La connexion Internet à bord pour les passagers et les membres d’équipage qui nécessite des flux haut débit du sol vers les trains.
La transmission d’information haut débit depuis les trains vers le sol, notamment pour des applications embarquées de maintenance et de surveillance.

Les différentes technologies considérées pour Internet à bord

Le satellite

L’intérêt des systèmes satellitaires repose sur la couverture géographique très étendue et la disponibilité immédiate des infrastructures nécessaires à la mise en place des services envisagés. En revanche, le prix très élevé de la bande passante satellite allouée et l’effet de masquage lors d’un passage du satellite par des zones d’ombres (tunnels, ponts, bâtiments, gares, montagnes, …) représentent un frein et limitent l’utilisation étendue des satellites. Dans (Épinette et collab., 2007), une analyse économique est proposée. Les réseaux de satellites défilants peuvent être classés en trois groupes suivant leur éloignement de la terre : LEO (low earth orbit avec une altitude comprise entre 500 et 2000 km), MEO (medium earth orbit avec une altitude comprise entre 8000 et 12000 km), et GEO (geosynchronous earth orbit avec une altitude autour de 35 800 km). Dans les projets actuels d’Internet à bord des trains, ce sont les satellites géostationnaires qui sont considérés afin d’assurer des connexions larges bande dans le sens descendant vers les trains. La poursuite du satellite par l’antenne et les exigences ferroviaires à respecter pour l’antenne (taille, gabarit vis à vis de la caténaire, forme aérodynamique du radôme, etc.) imposent des exigences techniques sur le système de communication qui le rendent ainsi plus complexe et coûteux. Comme nous l’avons déjà mentionné, l’utilisation du satellite n’est aujourd’hui envisageable qu’en association avec une autre technologie sans fil afin d’assurer la connectivité dans les zones de masquage du signal satellite.

Le WiFi

Dans les réseaux WLAN, la norme IEEE 802.11x couramment appelée WiFi est une bonne candidate puisqu’elle offre des débits intéressants, que les coûts sont aujourd’hui très faibles et que les versions récentes du standard (802.1lp, 802.11n et 802.11r) prennent en compte la mobilité. Notons que la norme 802.llp, dans la gamme des 5,8 GHz est spécialement dédiée aux communications véhiculaires (Msadaa et collab., 2010, Paier et collab., 2010a,b, Shivaldova et collab., 2011). Les débits peuvent atteindre 54 Mbps pour le 802.1lg à 5,8 GHz. Il est prévu des débits de l’ordre de 190 Mbps pour la norme IEEE 802.1ln qui prend en compte les techniques MIMO-OFDM qui permettent d’augmenter la robustesse et d’offrir des débits bien plus importants. Notons que cette norme n’est toujours pas figée.
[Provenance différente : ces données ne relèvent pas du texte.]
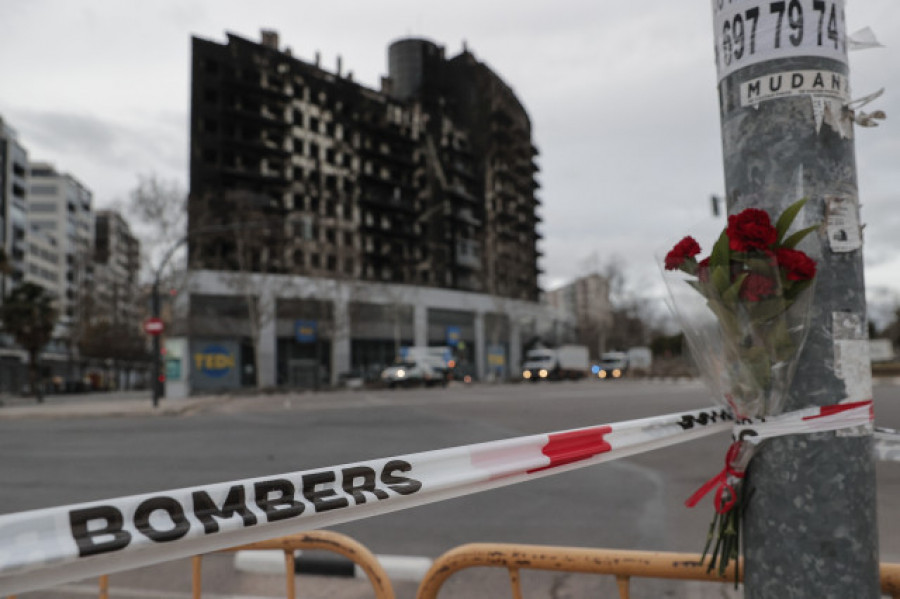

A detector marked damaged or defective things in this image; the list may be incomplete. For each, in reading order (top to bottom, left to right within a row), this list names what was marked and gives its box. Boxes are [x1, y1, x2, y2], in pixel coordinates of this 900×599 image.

burned high-rise building [188, 29, 540, 300]
charred facade [190, 29, 540, 300]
Cette solution peut être utilisée seule ou encore être combinée avec une autre technologie, par exemple, le satellite ou le WiMAX (Manabe et Hojo, 2010). (Sanz et collab., 2011, Villeforceix, 2011) ont montré qu’un réseau de points d’accès WiFi, déployé seul le long des voies, est capable d’établir une connexion vers le train pour une vitesse relativement élevée dans certaines conditions. Le problème rencontré lors de la mise en œuvre du système est la connexion rapide aux différents points d’accès, aussi appelée “handover horizontal”. La portée du WiFi étant limitée, la succession des handovers peut générer des pertes de débits et de qualité le long de la ligne du train et par conséquent une chute de débit du système. Parallèlement, un autre réseau WiFi est utilisé afin de relayer les transmissions vers les terminaux mobiles à bord du train. Plusieurs travaux proposent des solutions afin d’améliorer la connectivité en améliorant les processus de handovers (Kassab, 2008, Maureira, 2011, Sethom, 2006).

La 3G

Les services assurés par un réseau de téléphonie mobile dit de 3/3.5G sont délivrés avec un débit réel attendu d’environ 1 Mbps en lien descendant (DL) et 500 kbps en lien ascendant (UL). Lorsque la mobilité est importante, le débit offert chute considérablement et il ne faut pas s’attendre à plus de 2 Mbps dans des cellules de petite taille et plutôt en zone urbaine (Cecelja, 2005, Liu et collab., 2008).
La différence de débit entre lien montant et lien descendant existe de fait par construction du système conçu spécifiquement pour optimiser l’accès à Internet. Sur le lien montant, des variations de débit importantes sont observées et sont liées à différents paramètres tels que la vitesse, le nombre d’utilisateurs dans la cellule.
De tels débits sont insuffisants si l’on agrège sur un seul lien tous les utilisateurs embarqués dans le train. Il est prévu que la 3G soit à terme remplacée par une nouvelle génération de systèmes plus flexibles qui feront partie de la 4G et notamment le LTE.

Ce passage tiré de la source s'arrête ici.